There were other changes too. Once council housing had seemed the necessary (if not unchallenged) solution to the housing needs of the working class. Now reliance was placed to a far greater extent on the market. This, at least, was the rationale of the Labour Government’s 2002 Pathfinder Housing Market Renewal programme: a plan to demolish generally structurally sound – sometimes neglected but rarely slum – housing in order to build smaller numbers of new homes and revive local housing markets. Much of central Salford was covered in the scheme.

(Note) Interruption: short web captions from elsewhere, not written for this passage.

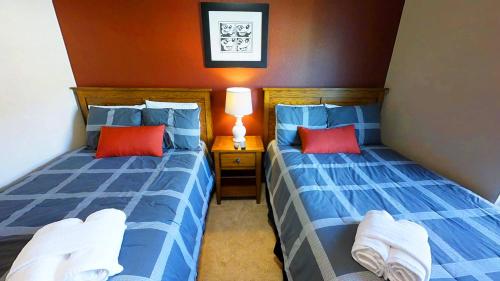 - 2 lits dans une chambre avec des oreillers bleus et rouges dans l'établissement Lucaya Village Resort 3 Bedroom Vacation Home 1503, à Kissimmee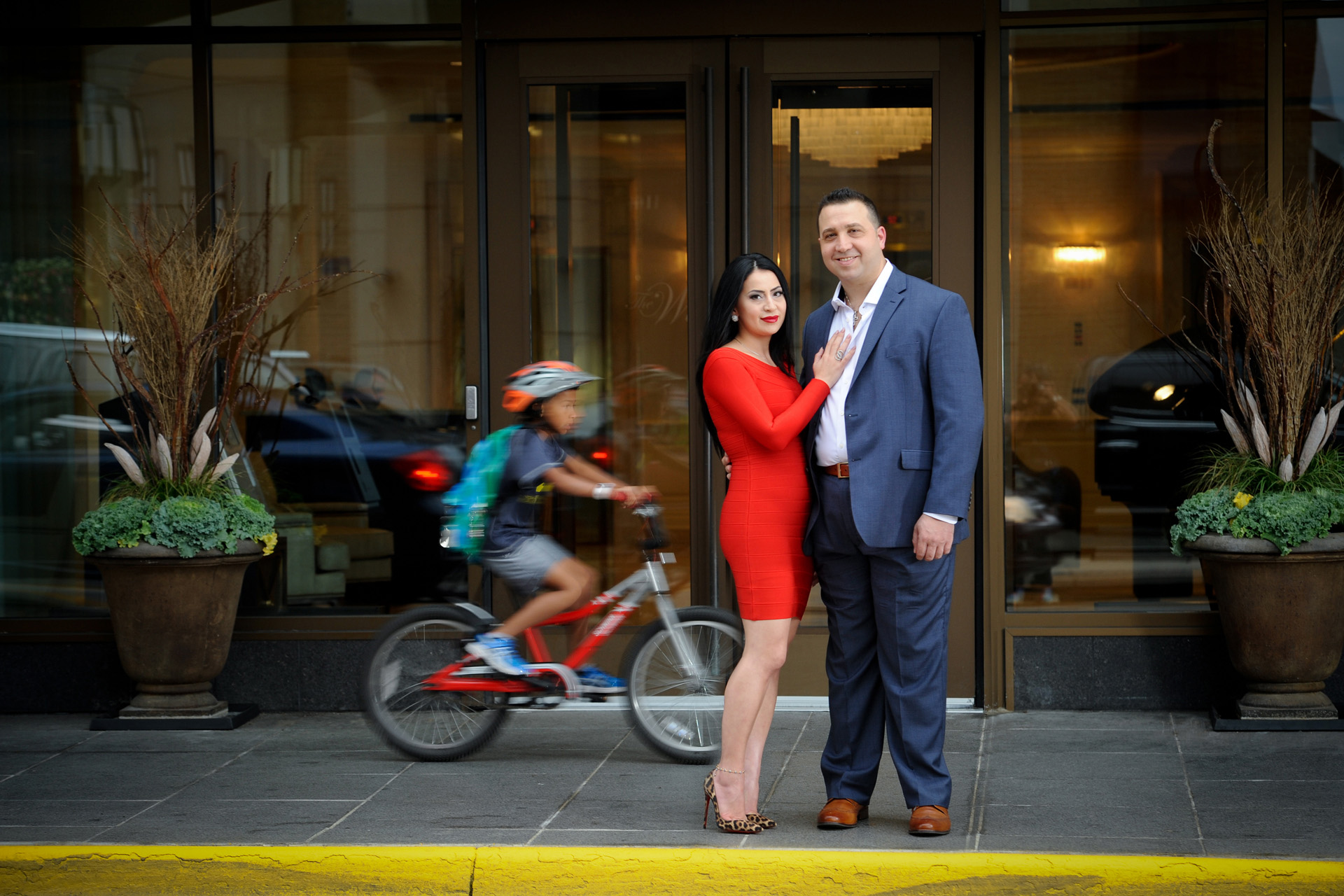 Photographer photographs an engagement session with a more formal and classic couple wanting photos in Birmingham, Michigan.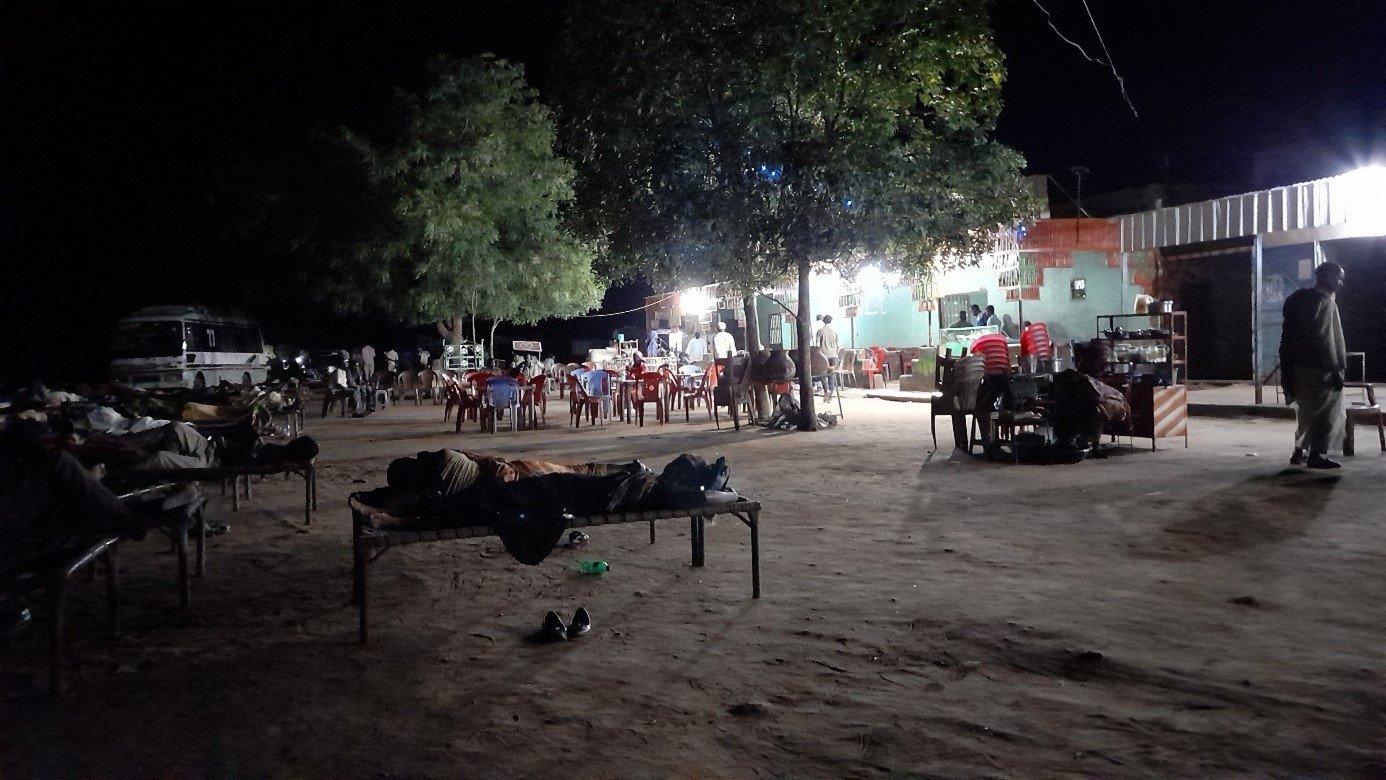 L'image montre un espace en plein air, probablement dans un endroit rural. Il fait nuit, et l'éclairage est principalement fourni par une source lumineuse sur le bâtiment à droite. On peut voir plusieurs tables et chaises disposées, avec des personnes assises et d'autres qui se déplacent. À gauche, il y a des lits ou des matelas disposés sur le sol, suggérant que des gens y dorment ou se reposent. Des arbres sont visibles, ajoutant une touche de verdure à la scène. L'atmosphère semble calme, mais animée par la présence de plusieurs personnes.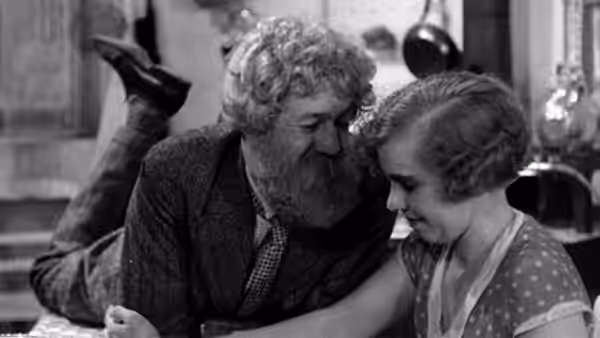 Boudu (Michel Simon) leans close to a woman seated beside him at a table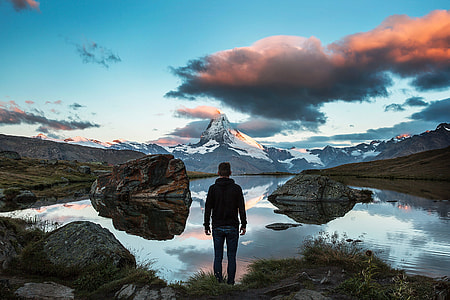 Person Looking at Beautiful lake and mountains landscape in Switzerland thumbnail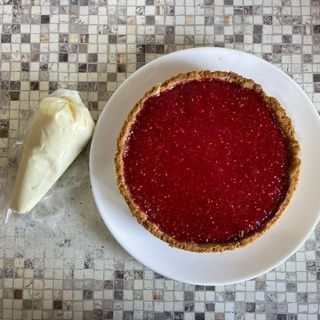 Una torta su un piatto bianco accanto a un sacchetto di glassa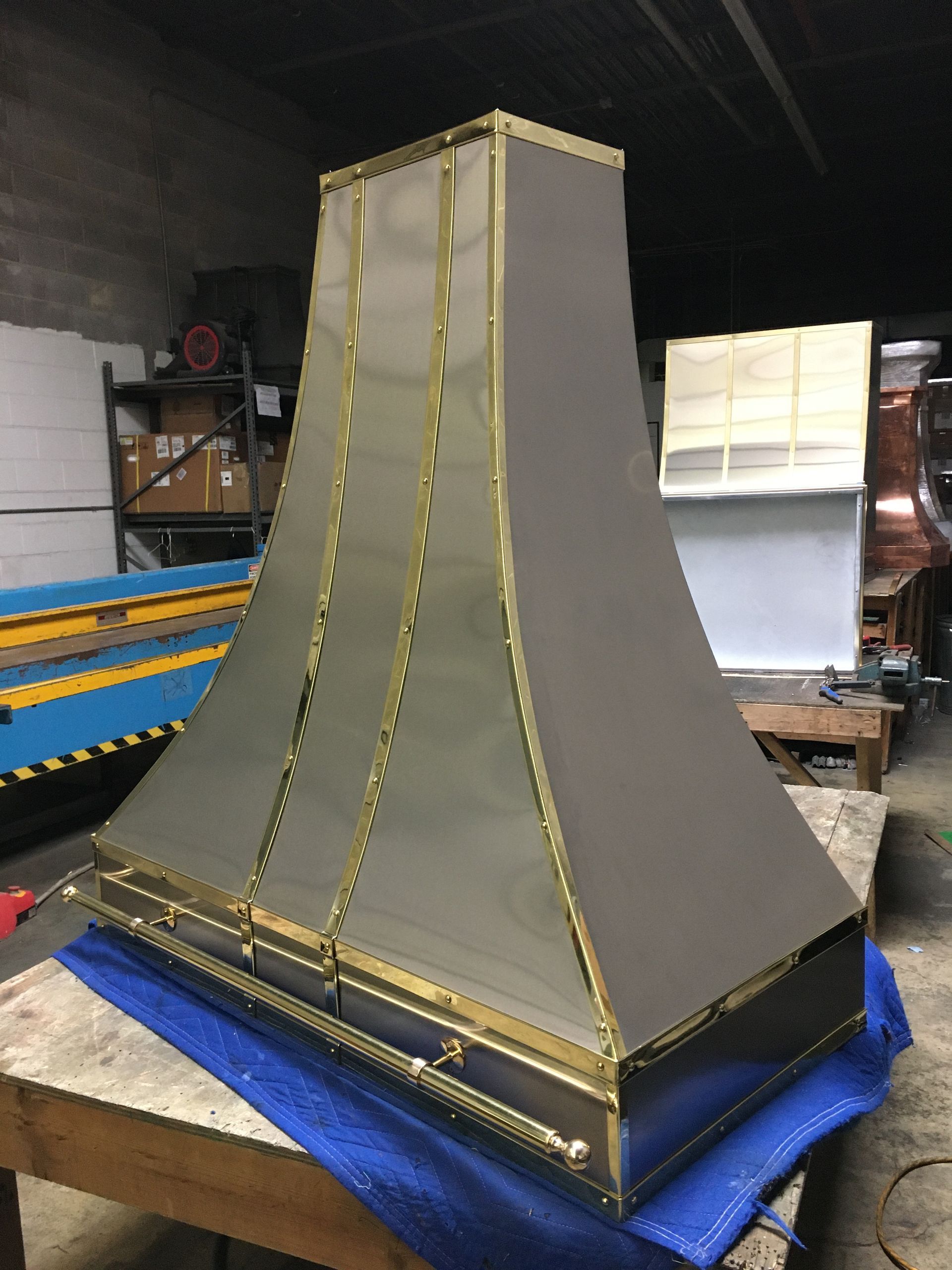 Gray tapered model with gold trim on a blue base in a workshop environment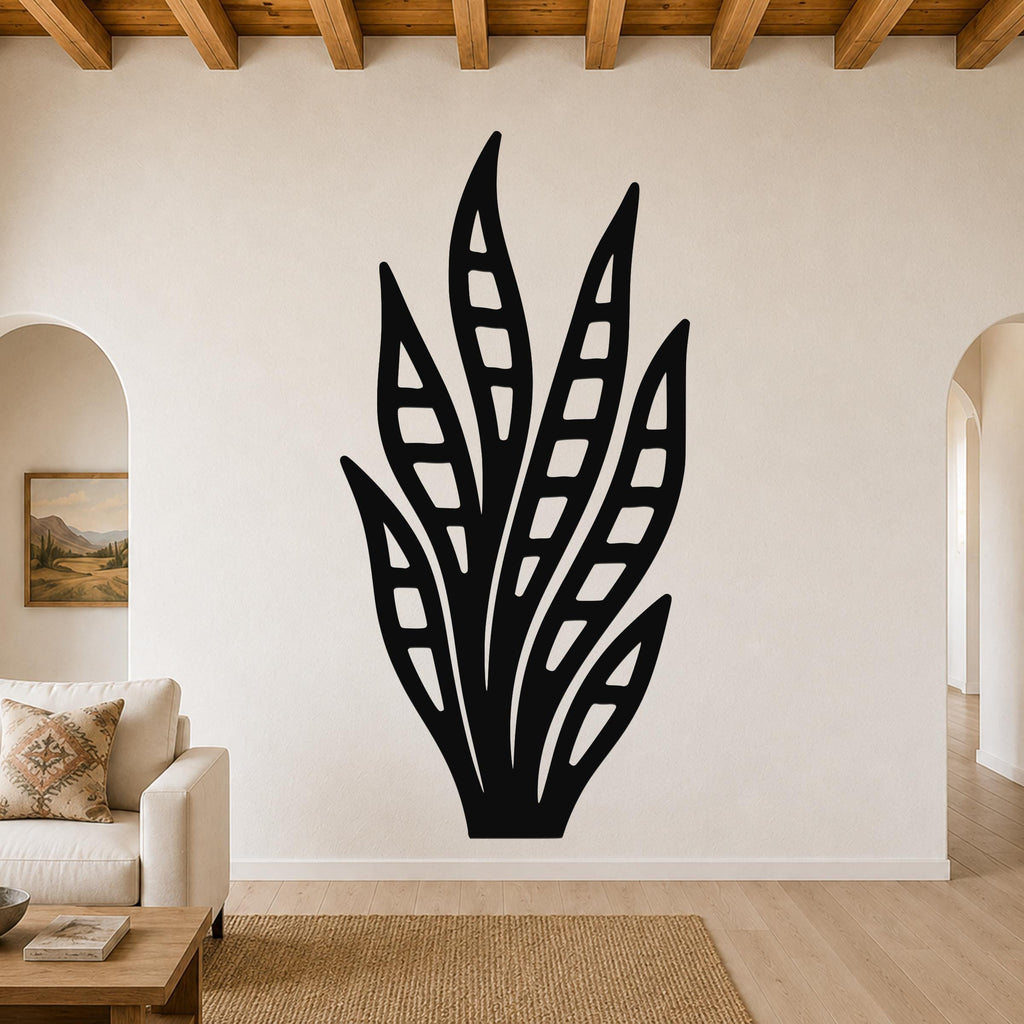 Black metal wall art in a snake plant silhouette with internal leaf cutouts, mounted on a living room wall above a sofa.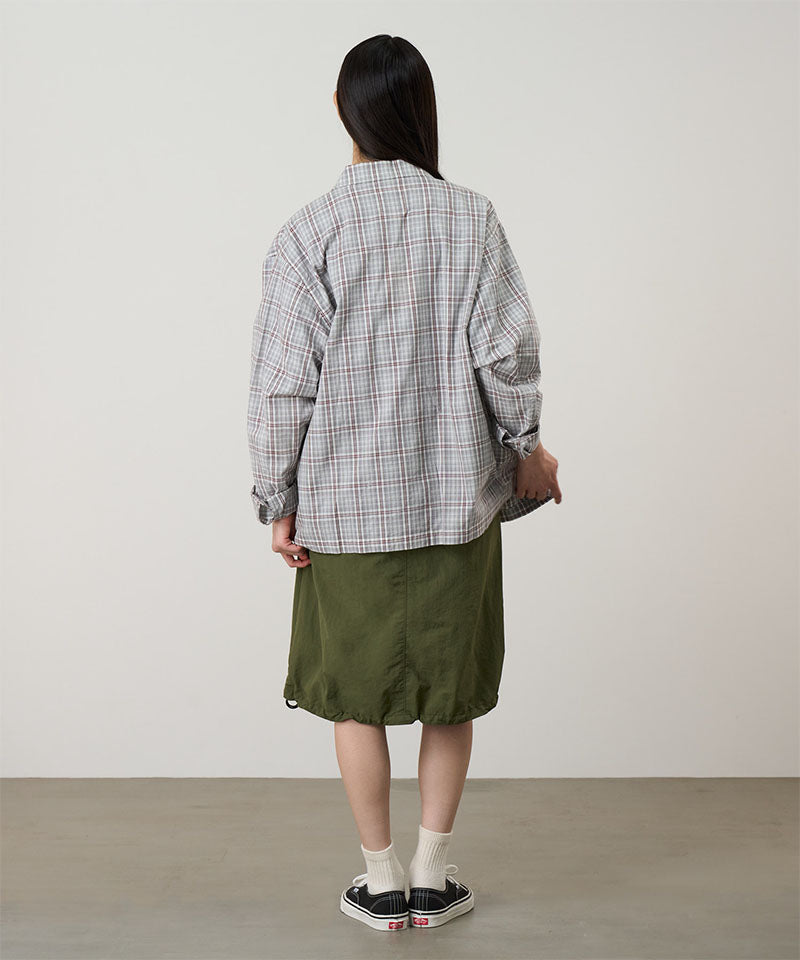 Person wearing a plaid shirt and green skirt against a plain background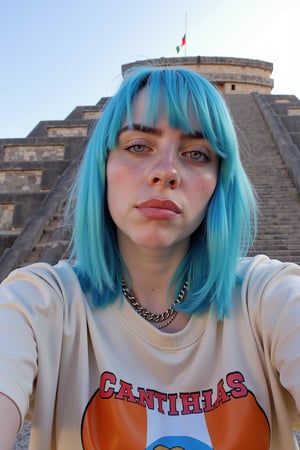 Billie Eilish taking a selfie in front of Teotihuacan. Blue hair. Wearing a shirt with Cantinflas on it. Mexican flag at background.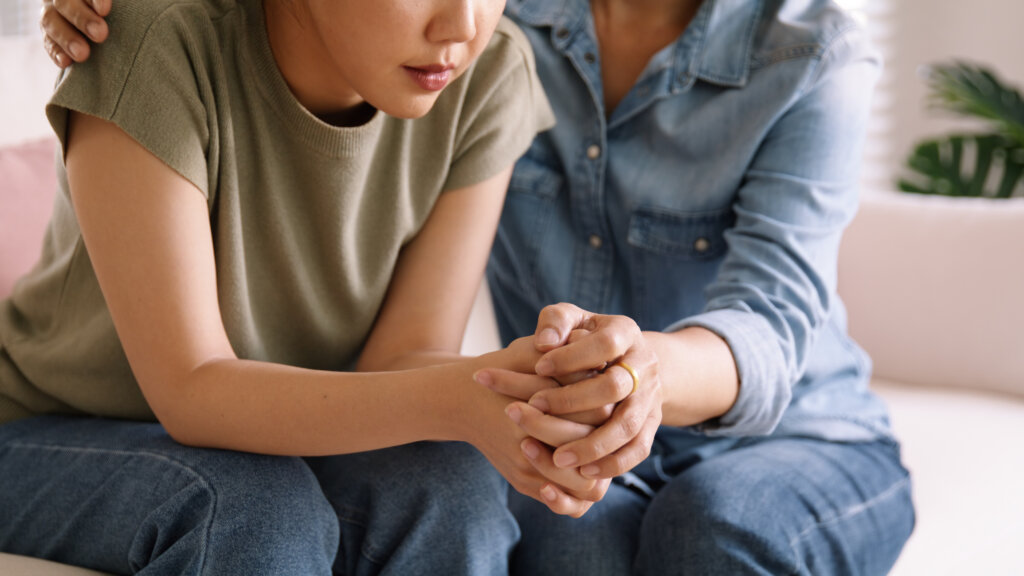 A woman sitting and comforting another woman on a couch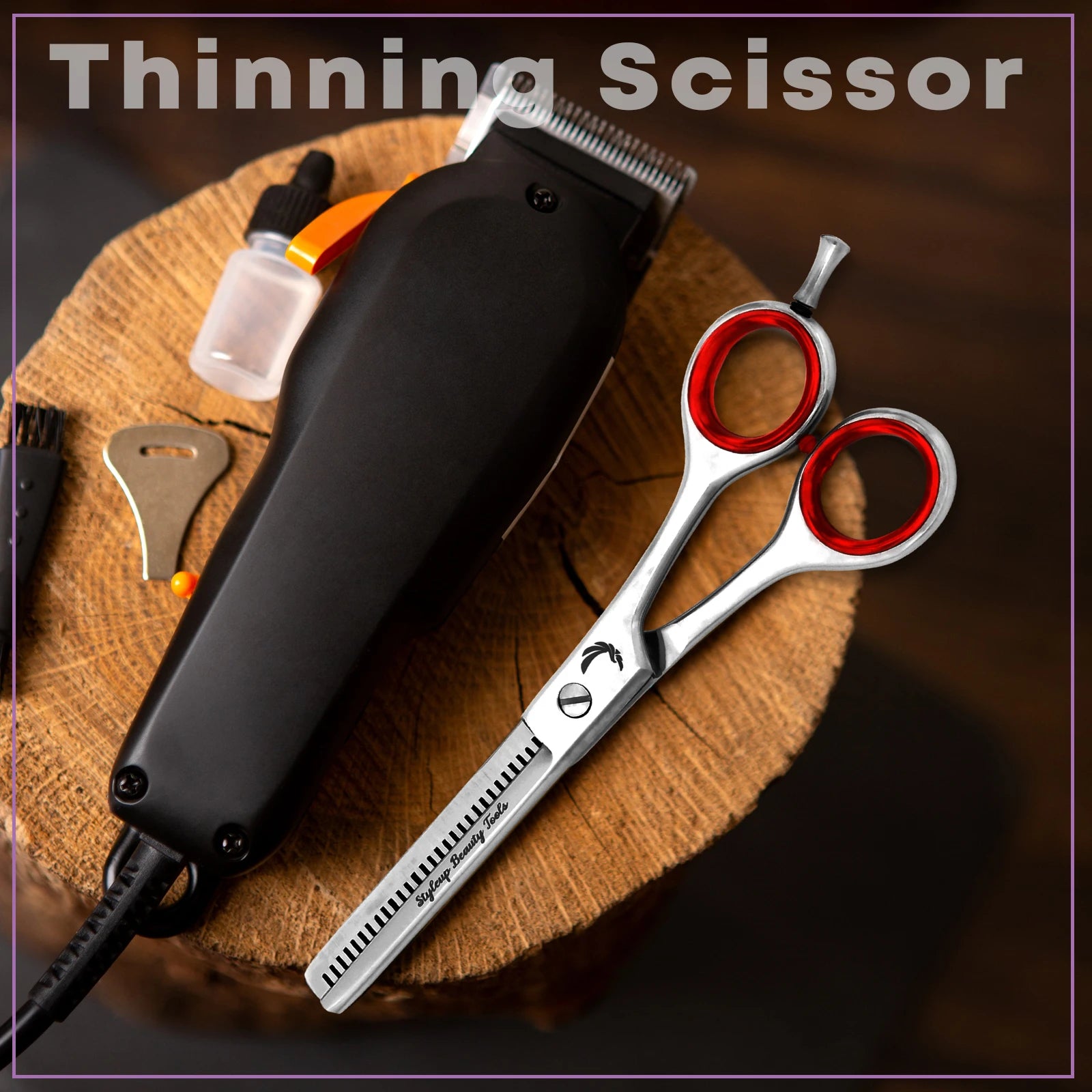 Professional stainless steel hair thinning scissors with red handles placed beside barber tools on wooden surface by Styleup Beauty Tools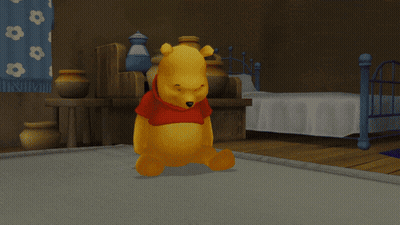 Two Winnie The Pooh Bears Are Standing Next To Each Other On A Bed GIF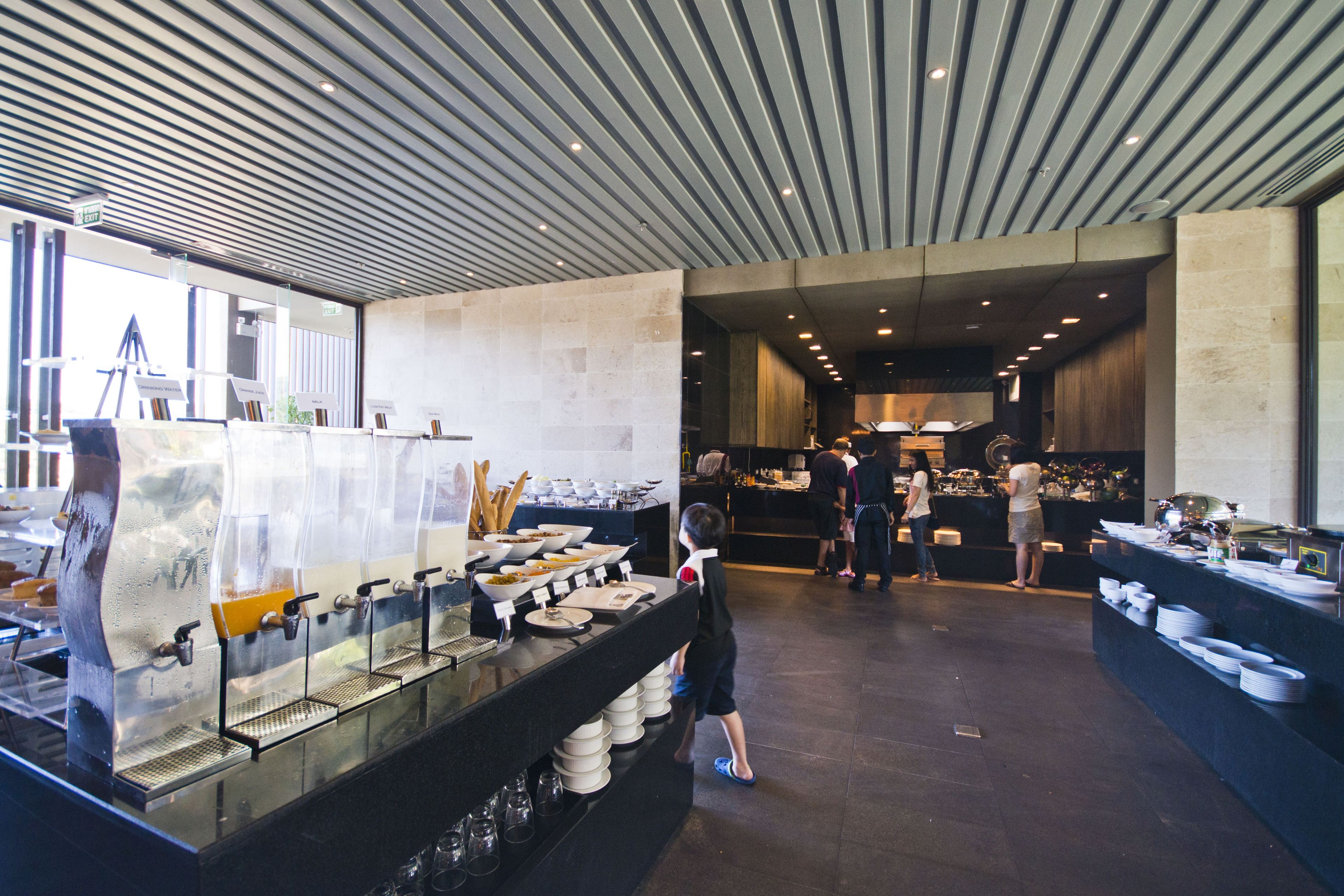 A buffet area with multiple food stations, a child, and adults in the background.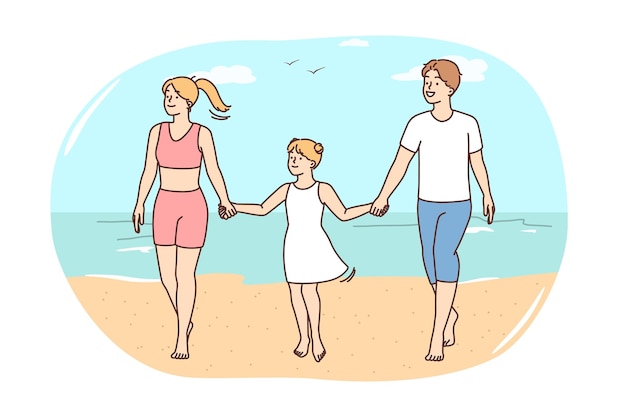 Familia feliz con niño en la playa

In Pendleton itself, the major intervention – well-known to planners and architects – occurred in an area of Edwardian terraced housing adjacent to Chimney Pot (or Langworthy) Park; the very same illustrated as an example of Edwardian bye-law housing in the first post of this series). A joint venture between Urban Splash, English Partnerships, Salford City Council and the Northwest Regional Development Agency was agreed in 2003. The first phase of the so-called ‘upside-down houses’ was completed in 2007, remodelled with bedrooms and bathrooms on the ground floor, and living rooms and kitchens above where a new roof terrace spans the former back alley to create garaging and, on top, a communal deck.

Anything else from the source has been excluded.